Conflict: | Battle of Ash-Shihr |
Place: | Ash-Shihr, Kathiri Sultanate |
Combatant1: | Kingdom of Portugal |
Combatant2: | Kathiri Sultanate |
Commander2: |
|
Commander1: | Duarte de Meneses Luís de Meneses[1] |
Casualties2: | 480+ killed |
Casualties1: | Unknown |
Strength1: | 8 ships.[2] 6 galleons.[3] 400-700 soldiers |
Strength2: | Unknown |
The Battle of Ash-Shihr was an attack launched by the Portuguese navy in 1523 on the city of Ash-Shihr which was a part of the Kathiri Sultanate.[4]
In Thursday, February 28, 1523 (10 of the month of Rabi’ al-Awwal in the year 929 AH), the Portuguese governor of India, Dom Duarte de Meneses, dispatched his brother, Dom Luís de Meneses, to the Red Sea with a force of 6 galleons. Dom Luís was tasked with delivering an ambassador to the Christian Emperor of Ethiopia and hunting hostile Muslim trade ships sailing between the Indian Ocean and Jeddah.[5] Along the way, he called at the city of Ash-Shihr.

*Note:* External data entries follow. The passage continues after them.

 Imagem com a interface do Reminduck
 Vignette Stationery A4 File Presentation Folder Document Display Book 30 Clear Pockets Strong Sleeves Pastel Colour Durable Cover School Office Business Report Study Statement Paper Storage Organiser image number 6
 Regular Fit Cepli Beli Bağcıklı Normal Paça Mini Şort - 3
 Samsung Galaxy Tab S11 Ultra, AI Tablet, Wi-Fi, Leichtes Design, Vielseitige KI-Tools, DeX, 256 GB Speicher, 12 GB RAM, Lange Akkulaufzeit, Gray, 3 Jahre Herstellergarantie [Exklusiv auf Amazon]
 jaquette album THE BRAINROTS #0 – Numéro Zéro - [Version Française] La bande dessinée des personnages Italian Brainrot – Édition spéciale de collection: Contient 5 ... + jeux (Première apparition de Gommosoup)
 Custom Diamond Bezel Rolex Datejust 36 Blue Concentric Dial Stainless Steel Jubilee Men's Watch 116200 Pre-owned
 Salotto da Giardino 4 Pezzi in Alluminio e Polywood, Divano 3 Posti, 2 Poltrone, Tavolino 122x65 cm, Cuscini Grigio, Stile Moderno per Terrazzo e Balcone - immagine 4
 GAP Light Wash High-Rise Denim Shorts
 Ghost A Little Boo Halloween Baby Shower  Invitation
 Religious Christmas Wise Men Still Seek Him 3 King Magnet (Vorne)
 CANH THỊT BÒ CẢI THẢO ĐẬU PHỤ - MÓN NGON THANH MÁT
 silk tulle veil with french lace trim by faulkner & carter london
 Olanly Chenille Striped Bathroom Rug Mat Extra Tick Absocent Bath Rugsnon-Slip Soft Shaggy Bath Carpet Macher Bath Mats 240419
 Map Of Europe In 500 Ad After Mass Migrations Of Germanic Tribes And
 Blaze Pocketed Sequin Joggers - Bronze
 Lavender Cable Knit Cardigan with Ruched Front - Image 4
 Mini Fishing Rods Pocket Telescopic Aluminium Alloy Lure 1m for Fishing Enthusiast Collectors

After claiming that the property of a Portuguese merchant who had died in al-Shiḥr had been unlawfully seized by the Kathīrī sultan, Dom Luís ordered the assault of the city.[6] It was then successfully attacked and sacked while the inhabitants fled. Shihr was further plundered by the settlement's garrison, and by vagrants.[7] The city's defenders attempted to face them on the beaches, but they were routed and the emir Mutran b. Mansur was killed in battle with a bullet. The battle continued for three days between the people of the city of Al-Shihr and the Portuguese forces.
Seven of Ash-Shihr's legal scholars and learned men were killed by the Portuguese. These men would collectively come to be a known as “The Seven Martyrs of al-Shiḥr” and whose tomb would become the site of an annual pilgrimage.[8]